▼▼▼
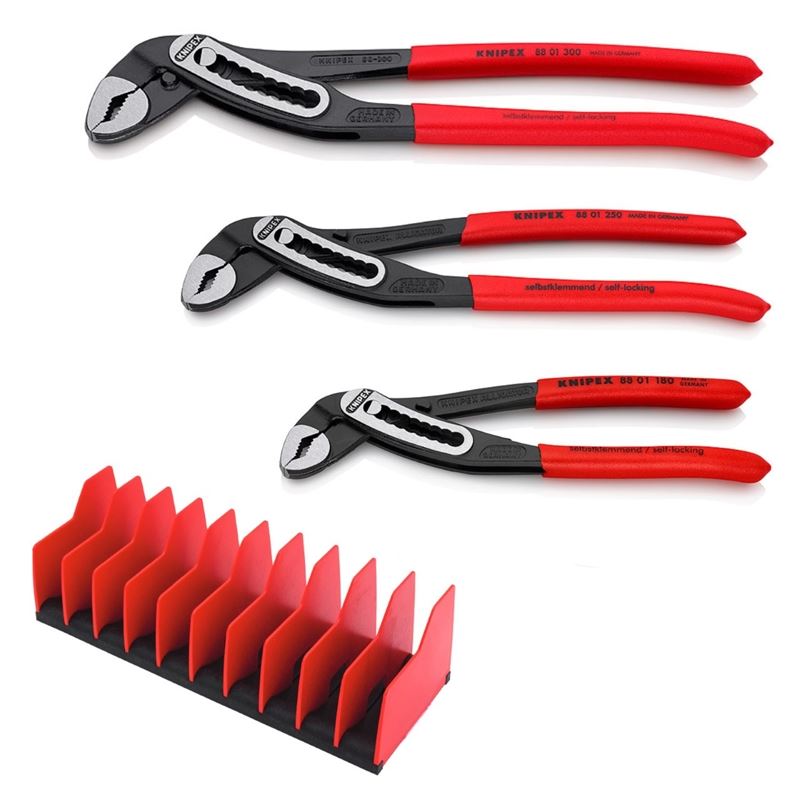 Knipex 9K 00 80 139 US - 3 Piece AlligatorÂ® Pilers set- with FREE 10 Piece Tool Holder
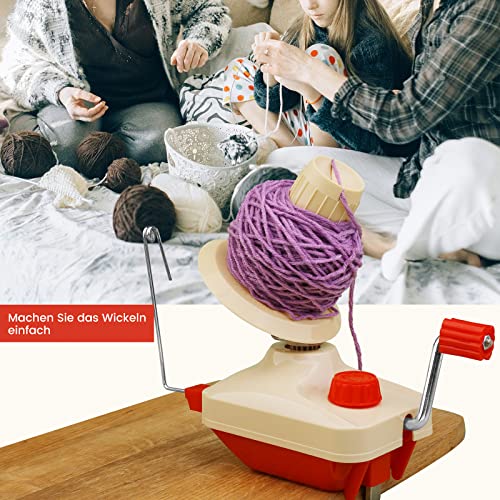 Wamkon Kugelwickler 54 Stück Rot Garn Ball Wickler, Kugel Wolle Wickler, Garnstrickwebstuhl, handbetätigte Swift Garn, Wollwickelmaschinen mit 20 Stck Strickstichmarker, Plastiknadeln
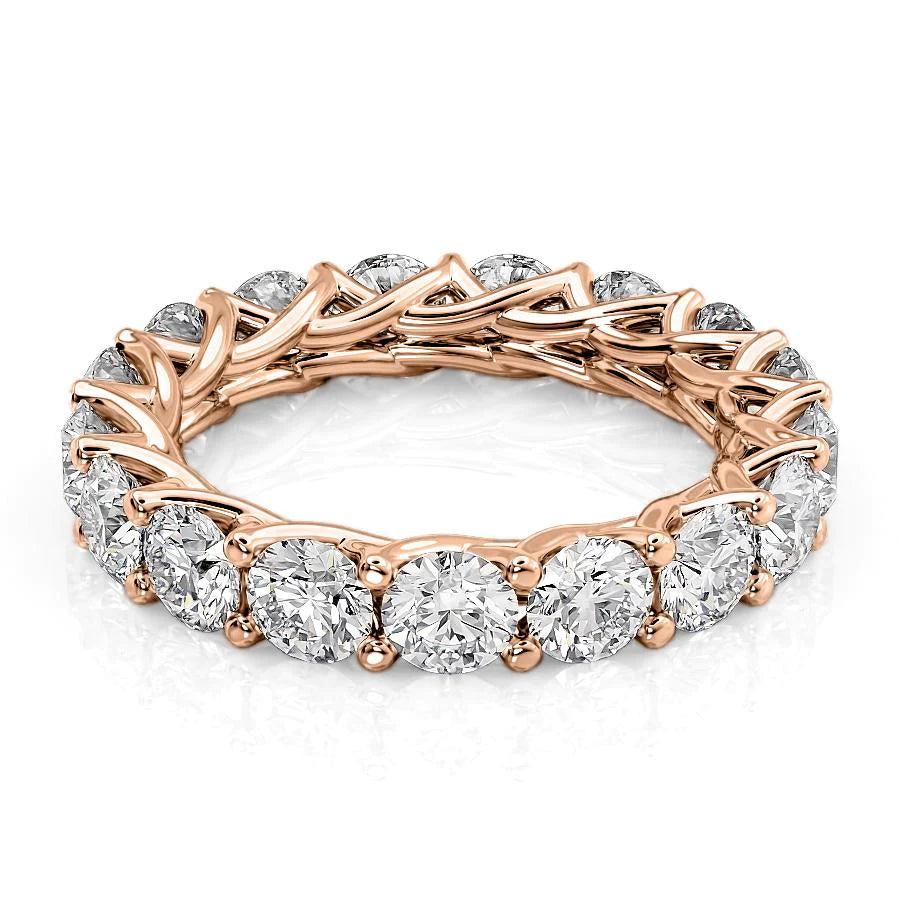 Rose :: Velorique 4ct round trellis lab grown diamond eternity ring IGI certified rose gold ultra luxury band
▲▲▲
**Task details**
Return all material verbatim, pictures omitted.

**Solution to this exercise**
 Knipex 9K 00 80 139 US - 3 Piece AlligatorÂ® Pilers set- with FREE 10 Piece Tool Holder
 Wamkon Kugelwickler 54 Stück Rot Garn Ball Wickler, Kugel Wolle Wickler, Garnstrickwebstuhl, handbetätigte Swift Garn, Wollwickelmaschinen mit 20 Stck Strickstichmarker, Plastiknadeln
 Rose :: Velorique 4ct round trellis lab grown diamond eternity ring IGI certified rose gold ultra luxury band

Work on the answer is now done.